But Large Trusts Will Make Road to Socialism Easier, Author Says in Speech to Liberal Club

"In spite of Sherman anti-trust acts and 'big sticks,' the movement toward monopoly continues," said Harry W. Laidler, Executive Director of the League for Industrial Democracy, last night at a meeting of the Liberal Club in the Lowell House Common Room. "However," he continued, "big monopolies make Socialism easy." Dr. Laidler also claimed that the separation of ownership and management which is so widespread today invalidates the argument that industry can be run only with profit as an incentive.

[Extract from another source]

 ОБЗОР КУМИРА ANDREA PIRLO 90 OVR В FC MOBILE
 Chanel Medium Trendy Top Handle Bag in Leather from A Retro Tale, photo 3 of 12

Dr. Laidler opened his speech with a description of the vast extent of monopoly in certain fields. According to figures given by him, the United States Steel Corporation controls one half to two-thirds of the iron ore of the country, the Mellon family controls 90 per cent of the aluminum ore, and that seven-eighths of the chewing-gum in the United States is manufactured by Wrigley. He also said that one per cent of the banks of the country control more capital than the other 99 per cent combined.

"The old type of competition is a thing of the past," he went on to say. "The reason that the war between the cigarette and candy manufacturers ended so abruptly, is that Schulte and the United cigar stores bought a great many of the candy shops."

Dr. Laidler concluded with the statement that he thought that in spite of the N.R.A. the monopoly movement would continue.